§ Problem to work on: For this exercise, retype the lines from the one that holds "Pentart Classic Crackle Varnish Tutorial" through the one that holds "Buick Excelle — миниатюра 8" in the records below, both included, exactly and without pictures.

-------- Listed records

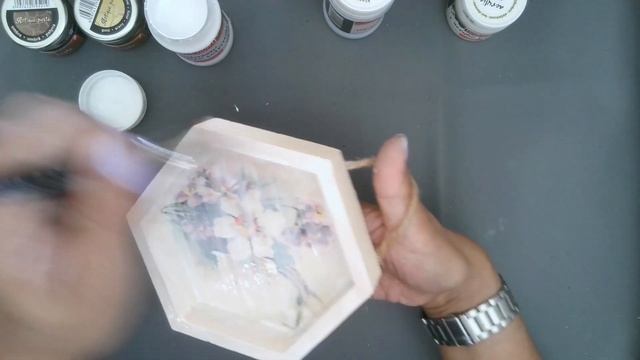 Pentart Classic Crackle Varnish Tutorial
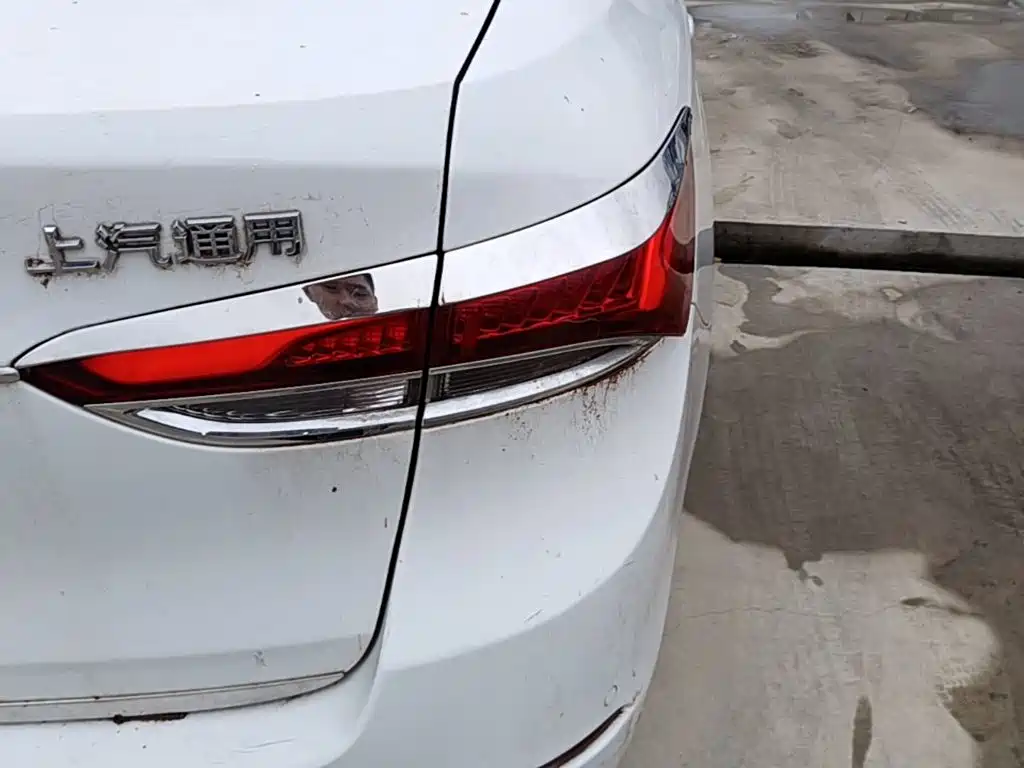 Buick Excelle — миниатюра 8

----------------
-------- Listed records

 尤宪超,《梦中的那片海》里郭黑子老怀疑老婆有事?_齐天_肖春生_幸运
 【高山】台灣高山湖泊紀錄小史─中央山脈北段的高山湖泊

----------------

§ Task result:
 Pentart Classic Crackle Varnish Tutorial
 Buick Excelle — миниатюра 8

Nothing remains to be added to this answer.